§ Information shown:

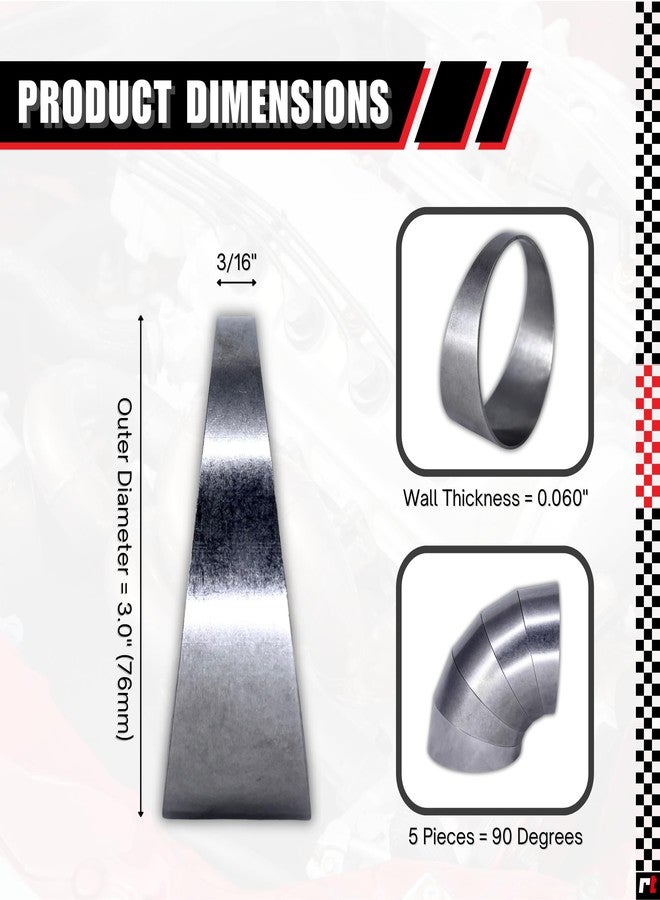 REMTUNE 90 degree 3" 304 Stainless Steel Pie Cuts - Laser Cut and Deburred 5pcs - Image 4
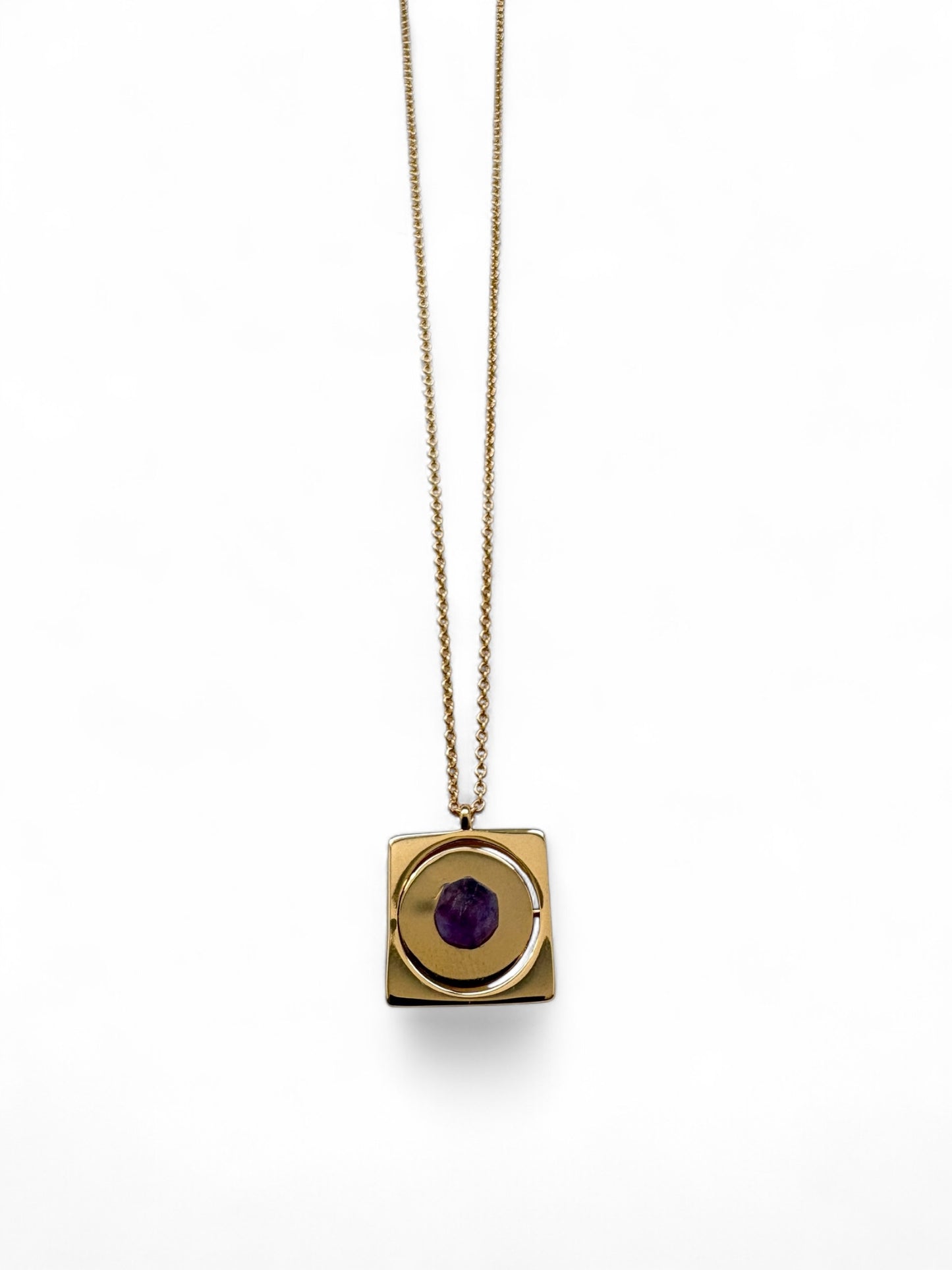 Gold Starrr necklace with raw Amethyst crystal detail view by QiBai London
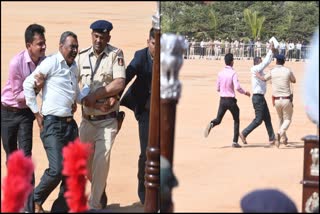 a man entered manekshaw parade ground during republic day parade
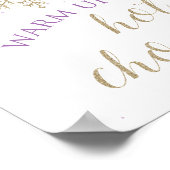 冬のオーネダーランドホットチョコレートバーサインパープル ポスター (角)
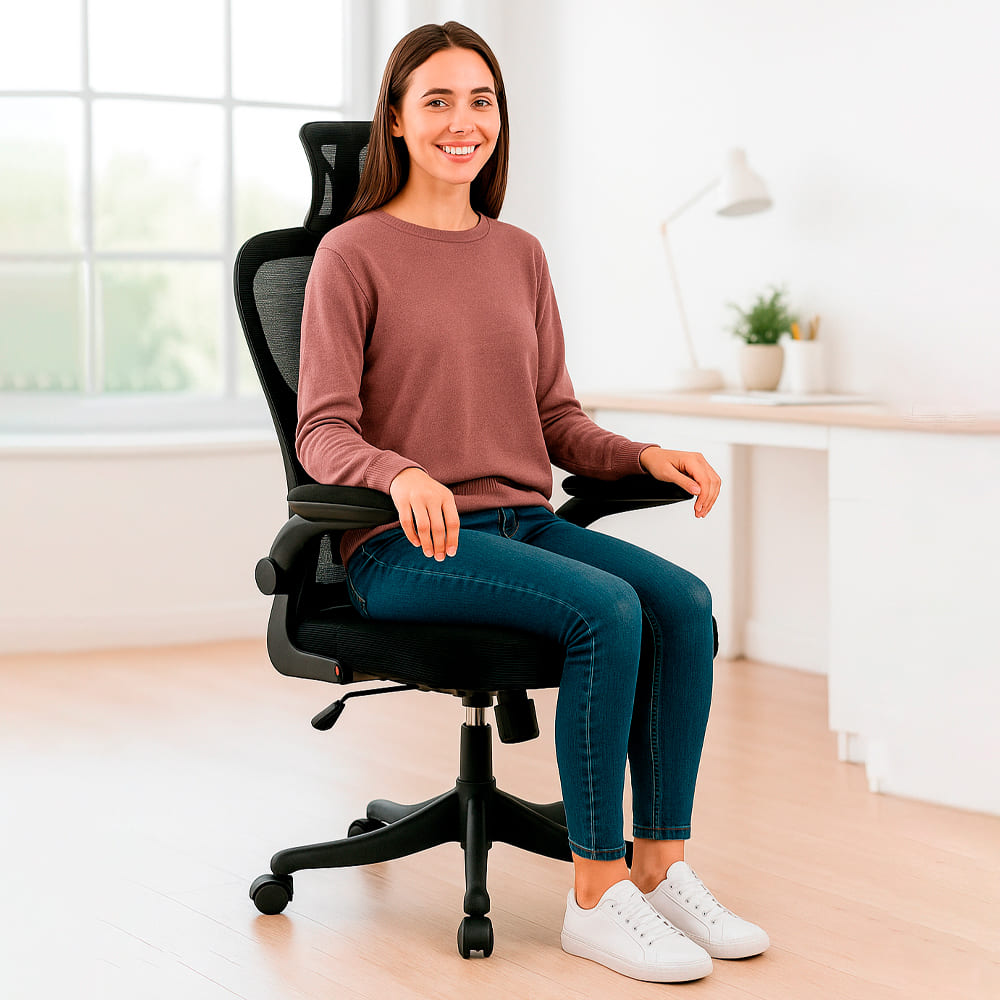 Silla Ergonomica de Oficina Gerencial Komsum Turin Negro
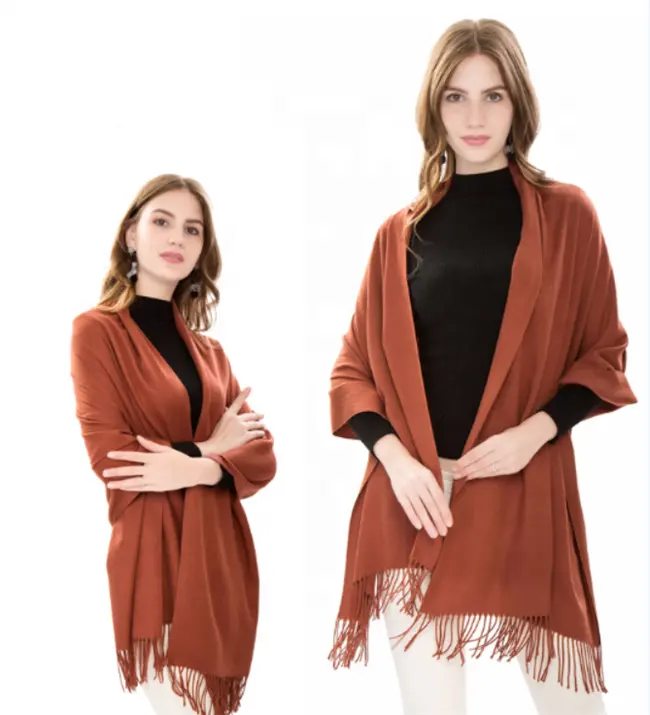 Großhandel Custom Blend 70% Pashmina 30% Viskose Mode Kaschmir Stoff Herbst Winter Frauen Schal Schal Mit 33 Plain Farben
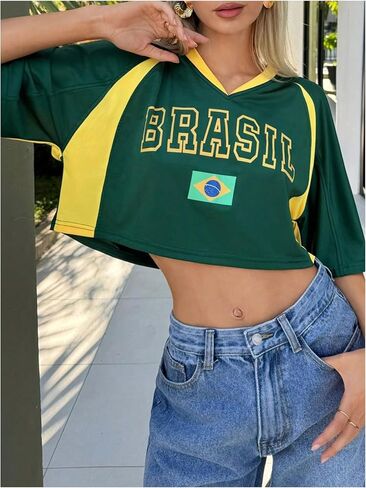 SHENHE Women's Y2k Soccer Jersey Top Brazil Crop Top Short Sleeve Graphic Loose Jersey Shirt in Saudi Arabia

§ What the task requires: In the records above, find the line containing "Großhandel Custom Blend", then write out exactly that line and every later one through the last, omitting pictures.

§ Solution to this exercise:
 Großhandel Custom Blend 70% Pashmina 30% Viskose Mode Kaschmir Stoff Herbst Winter Frauen Schal Schal Mit 33 Plain Farben
 SHENHE Women's Y2k Soccer Jersey Top Brazil Crop Top Short Sleeve Graphic Loose Jersey Shirt in Saudi Arabia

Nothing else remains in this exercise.